:: Supplied data ::

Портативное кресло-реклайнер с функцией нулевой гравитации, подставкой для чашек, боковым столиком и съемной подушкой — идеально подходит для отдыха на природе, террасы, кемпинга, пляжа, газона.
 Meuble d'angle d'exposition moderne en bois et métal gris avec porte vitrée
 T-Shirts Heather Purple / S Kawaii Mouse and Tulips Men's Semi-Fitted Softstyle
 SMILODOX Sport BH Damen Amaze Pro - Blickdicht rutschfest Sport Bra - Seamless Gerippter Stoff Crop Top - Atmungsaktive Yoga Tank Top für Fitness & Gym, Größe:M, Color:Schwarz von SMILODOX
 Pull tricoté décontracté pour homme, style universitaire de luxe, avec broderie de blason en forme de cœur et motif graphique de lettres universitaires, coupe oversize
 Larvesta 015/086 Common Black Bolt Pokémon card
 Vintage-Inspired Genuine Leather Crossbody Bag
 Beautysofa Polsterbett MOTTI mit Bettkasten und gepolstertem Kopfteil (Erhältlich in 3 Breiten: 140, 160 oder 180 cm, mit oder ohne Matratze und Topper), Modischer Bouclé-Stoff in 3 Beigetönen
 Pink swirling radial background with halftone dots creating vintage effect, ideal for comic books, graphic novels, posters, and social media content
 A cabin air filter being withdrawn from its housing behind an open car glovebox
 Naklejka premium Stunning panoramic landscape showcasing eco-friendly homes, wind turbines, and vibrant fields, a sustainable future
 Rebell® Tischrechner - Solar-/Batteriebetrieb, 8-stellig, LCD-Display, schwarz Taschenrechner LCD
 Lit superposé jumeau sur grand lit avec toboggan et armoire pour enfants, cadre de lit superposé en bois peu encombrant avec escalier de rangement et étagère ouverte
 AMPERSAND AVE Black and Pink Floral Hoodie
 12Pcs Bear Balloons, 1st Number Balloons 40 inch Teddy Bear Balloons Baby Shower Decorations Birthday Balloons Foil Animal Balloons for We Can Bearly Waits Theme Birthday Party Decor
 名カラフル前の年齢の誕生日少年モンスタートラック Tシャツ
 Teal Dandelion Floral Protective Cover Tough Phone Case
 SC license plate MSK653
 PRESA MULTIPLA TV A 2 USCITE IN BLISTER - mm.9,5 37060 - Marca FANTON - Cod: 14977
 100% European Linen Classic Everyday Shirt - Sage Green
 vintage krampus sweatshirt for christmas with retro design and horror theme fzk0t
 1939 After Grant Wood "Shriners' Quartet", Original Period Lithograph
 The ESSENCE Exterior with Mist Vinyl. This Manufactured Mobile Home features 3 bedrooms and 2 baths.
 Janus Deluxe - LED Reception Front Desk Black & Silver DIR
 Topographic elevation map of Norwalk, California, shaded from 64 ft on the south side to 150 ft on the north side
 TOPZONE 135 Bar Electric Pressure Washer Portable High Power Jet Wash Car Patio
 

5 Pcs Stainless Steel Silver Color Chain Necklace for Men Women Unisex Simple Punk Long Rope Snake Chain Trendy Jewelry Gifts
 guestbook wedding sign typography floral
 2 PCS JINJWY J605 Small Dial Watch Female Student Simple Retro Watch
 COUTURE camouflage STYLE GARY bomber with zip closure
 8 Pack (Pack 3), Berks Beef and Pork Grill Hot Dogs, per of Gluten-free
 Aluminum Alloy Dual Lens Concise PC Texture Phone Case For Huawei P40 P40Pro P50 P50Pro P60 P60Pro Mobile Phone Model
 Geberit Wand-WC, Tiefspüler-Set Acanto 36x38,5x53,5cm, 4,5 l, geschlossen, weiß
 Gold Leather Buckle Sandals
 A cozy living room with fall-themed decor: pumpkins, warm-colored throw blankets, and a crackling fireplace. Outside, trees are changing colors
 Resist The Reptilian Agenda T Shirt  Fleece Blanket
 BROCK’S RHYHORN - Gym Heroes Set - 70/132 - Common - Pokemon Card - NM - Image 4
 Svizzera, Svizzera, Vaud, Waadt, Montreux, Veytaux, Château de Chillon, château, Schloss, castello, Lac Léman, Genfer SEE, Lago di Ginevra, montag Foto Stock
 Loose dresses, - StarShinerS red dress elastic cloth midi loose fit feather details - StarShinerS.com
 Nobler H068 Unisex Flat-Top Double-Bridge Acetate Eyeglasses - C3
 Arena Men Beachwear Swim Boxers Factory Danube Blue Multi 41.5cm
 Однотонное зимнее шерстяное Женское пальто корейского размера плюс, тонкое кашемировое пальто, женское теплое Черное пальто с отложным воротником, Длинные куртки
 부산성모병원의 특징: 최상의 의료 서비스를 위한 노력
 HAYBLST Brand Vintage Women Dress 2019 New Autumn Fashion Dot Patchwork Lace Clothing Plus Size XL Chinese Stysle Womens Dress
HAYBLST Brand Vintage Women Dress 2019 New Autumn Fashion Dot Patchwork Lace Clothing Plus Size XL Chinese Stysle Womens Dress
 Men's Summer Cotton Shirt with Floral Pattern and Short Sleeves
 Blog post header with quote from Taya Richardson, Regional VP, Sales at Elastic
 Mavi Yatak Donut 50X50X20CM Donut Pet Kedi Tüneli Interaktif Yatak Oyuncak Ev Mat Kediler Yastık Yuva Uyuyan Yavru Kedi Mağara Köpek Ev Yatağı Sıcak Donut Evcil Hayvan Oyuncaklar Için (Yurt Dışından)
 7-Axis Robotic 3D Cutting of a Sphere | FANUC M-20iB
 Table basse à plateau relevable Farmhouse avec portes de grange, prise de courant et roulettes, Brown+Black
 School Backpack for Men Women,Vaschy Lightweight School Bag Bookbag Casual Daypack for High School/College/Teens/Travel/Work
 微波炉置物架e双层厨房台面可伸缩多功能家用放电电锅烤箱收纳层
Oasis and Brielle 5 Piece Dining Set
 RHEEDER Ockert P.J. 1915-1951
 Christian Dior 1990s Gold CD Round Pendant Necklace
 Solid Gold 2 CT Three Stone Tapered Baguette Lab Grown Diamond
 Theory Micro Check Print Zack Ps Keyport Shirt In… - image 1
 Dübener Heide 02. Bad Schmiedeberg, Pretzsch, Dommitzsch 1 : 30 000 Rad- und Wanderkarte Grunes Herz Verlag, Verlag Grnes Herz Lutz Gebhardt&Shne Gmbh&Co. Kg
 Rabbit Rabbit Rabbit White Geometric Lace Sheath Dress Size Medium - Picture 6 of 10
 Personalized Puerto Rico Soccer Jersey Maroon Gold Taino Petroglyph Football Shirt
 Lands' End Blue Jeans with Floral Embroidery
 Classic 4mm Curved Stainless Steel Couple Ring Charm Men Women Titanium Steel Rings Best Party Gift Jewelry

:::

Copy every line of the records above exactly.

### Expected answer:
Портативное кресло-реклайнер с функцией нулевой гравитации, подставкой для чашек, боковым столиком и съемной подушкой — идеально подходит для отдыха на природе, террасы, кемпинга, пляжа, газона.
 Meuble d'angle d'exposition moderne en bois et métal gris avec porte vitrée
 T-Shirts Heather Purple / S Kawaii Mouse and Tulips Men's Semi-Fitted Softstyle
 SMILODOX Sport BH Damen Amaze Pro - Blickdicht rutschfest Sport Bra - Seamless Gerippter Stoff Crop Top - Atmungsaktive Yoga Tank Top für Fitness & Gym, Größe:M, Color:Schwarz von SMILODOX
 Pull tricoté décontracté pour homme, style universitaire de luxe, avec broderie de blason en forme de cœur et motif graphique de lettres universitaires, coupe oversize
 Larvesta 015/086 Common Black Bolt Pokémon card
 Vintage-Inspired Genuine Leather Crossbody Bag
 Beautysofa Polsterbett MOTTI mit Bettkasten und gepolstertem Kopfteil (Erhältlich in 3 Breiten: 140, 160 oder 180 cm, mit oder ohne Matratze und Topper), Modischer Bouclé-Stoff in 3 Beigetönen
 Pink swirling radial background with halftone dots creating vintage effect, ideal for comic books, graphic novels, posters, and social media content
 A cabin air filter being withdrawn from its housing behind an open car glovebox
 Naklejka premium Stunning panoramic landscape showcasing eco-friendly homes, wind turbines, and vibrant fields, a sustainable future
 Rebell® Tischrechner - Solar-/Batteriebetrieb, 8-stellig, LCD-Display, schwarz Taschenrechner LCD
 Lit superposé jumeau sur grand lit avec toboggan et armoire pour enfants, cadre de lit superposé en bois peu encombrant avec escalier de rangement et étagère ouverte
 AMPERSAND AVE Black and Pink Floral Hoodie
 12Pcs Bear Balloons, 1st Number Balloons 40 inch Teddy Bear Balloons Baby Shower Decorations Birthday Balloons Foil Animal Balloons for We Can Bearly Waits Theme Birthday Party Decor
 名カラフル前の年齢の誕生日少年モンスタートラック Tシャツ
 Teal Dandelion Floral Protective Cover Tough Phone Case
 SC license plate MSK653
 PRESA MULTIPLA TV A 2 USCITE IN BLISTER - mm.9,5 37060 - Marca FANTON - Cod: 14977
 100% European Linen Classic Everyday Shirt - Sage Green
 vintage krampus sweatshirt for christmas with retro design and horror theme fzk0t
 1939 After Grant Wood "Shriners' Quartet", Original Period Lithograph
 The ESSENCE Exterior with Mist Vinyl. This Manufactured Mobile Home features 3 bedrooms and 2 baths.
 Janus Deluxe - LED Reception Front Desk Black & Silver DIR
 Topographic elevation map of Norwalk, California, shaded from 64 ft on the south side to 150 ft on the north side
 TOPZONE 135 Bar Electric Pressure Washer Portable High Power Jet Wash Car Patio
 

5 Pcs Stainless Steel Silver Color Chain Necklace for Men Women Unisex Simple Punk Long Rope Snake Chain Trendy Jewelry Gifts
 guestbook wedding sign typography floral
 2 PCS JINJWY J605 Small Dial Watch Female Student Simple Retro Watch
 COUTURE camouflage STYLE GARY bomber with zip closure
 8 Pack (Pack 3), Berks Beef and Pork Grill Hot Dogs, per of Gluten-free
 Aluminum Alloy Dual Lens Concise PC Texture Phone Case For Huawei P40 P40Pro P50 P50Pro P60 P60Pro Mobile Phone Model
 Geberit Wand-WC, Tiefspüler-Set Acanto 36x38,5x53,5cm, 4,5 l, geschlossen, weiß
 Gold Leather Buckle Sandals
 A cozy living room with fall-themed decor: pumpkins, warm-colored throw blankets, and a crackling fireplace. Outside, trees are changing colors
 Resist The Reptilian Agenda T Shirt  Fleece Blanket
 BROCK’S RHYHORN - Gym Heroes Set - 70/132 - Common - Pokemon Card - NM - Image 4
 Svizzera, Svizzera, Vaud, Waadt, Montreux, Veytaux, Château de Chillon, château, Schloss, castello, Lac Léman, Genfer SEE, Lago di Ginevra, montag Foto Stock
 Loose dresses, - StarShinerS red dress elastic cloth midi loose fit feather details - StarShinerS.com
 Nobler H068 Unisex Flat-Top Double-Bridge Acetate Eyeglasses - C3
 Arena Men Beachwear Swim Boxers Factory Danube Blue Multi 41.5cm
 Однотонное зимнее шерстяное Женское пальто корейского размера плюс, тонкое кашемировое пальто, женское теплое Черное пальто с отложным воротником, Длинные куртки
 부산성모병원의 특징: 최상의 의료 서비스를 위한 노력
 HAYBLST Brand Vintage Women Dress 2019 New Autumn Fashion Dot Patchwork Lace Clothing Plus Size XL Chinese Stysle Womens Dress
HAYBLST Brand Vintage Women Dress 2019 New Autumn Fashion Dot Patchwork Lace Clothing Plus Size XL Chinese Stysle Womens Dress
 Men's Summer Cotton Shirt with Floral Pattern and Short Sleeves
 Blog post header with quote from Taya Richardson, Regional VP, Sales at Elastic
 Mavi Yatak Donut 50X50X20CM Donut Pet Kedi Tüneli Interaktif Yatak Oyuncak Ev Mat Kediler Yastık Yuva Uyuyan Yavru Kedi Mağara Köpek Ev Yatağı Sıcak Donut Evcil Hayvan Oyuncaklar Için (Yurt Dışından)
 7-Axis Robotic 3D Cutting of a Sphere | FANUC M-20iB
 Table basse à plateau relevable Farmhouse avec portes de grange, prise de courant et roulettes, Brown+Black
 School Backpack for Men Women,Vaschy Lightweight School Bag Bookbag Casual Daypack for High School/College/Teens/Travel/Work
 微波炉置物架e双层厨房台面可伸缩多功能家用放电电锅烤箱收纳层
Oasis and Brielle 5 Piece Dining Set
 RHEEDER Ockert P.J. 1915-1951
 Christian Dior 1990s Gold CD Round Pendant Necklace
 Solid Gold 2 CT Three Stone Tapered Baguette Lab Grown Diamond
 Theory Micro Check Print Zack Ps Keyport Shirt In… - image 1
 Dübener Heide 02. Bad Schmiedeberg, Pretzsch, Dommitzsch 1 : 30 000 Rad- und Wanderkarte Grunes Herz Verlag, Verlag Grnes Herz Lutz Gebhardt&Shne Gmbh&Co. Kg
 Rabbit Rabbit Rabbit White Geometric Lace Sheath Dress Size Medium - Picture 6 of 10
 Personalized Puerto Rico Soccer Jersey Maroon Gold Taino Petroglyph Football Shirt
 Lands' End Blue Jeans with Floral Embroidery
 Classic 4mm Curved Stainless Steel Couple Ring Charm Men Women Titanium Steel Rings Best Party Gift Jewelry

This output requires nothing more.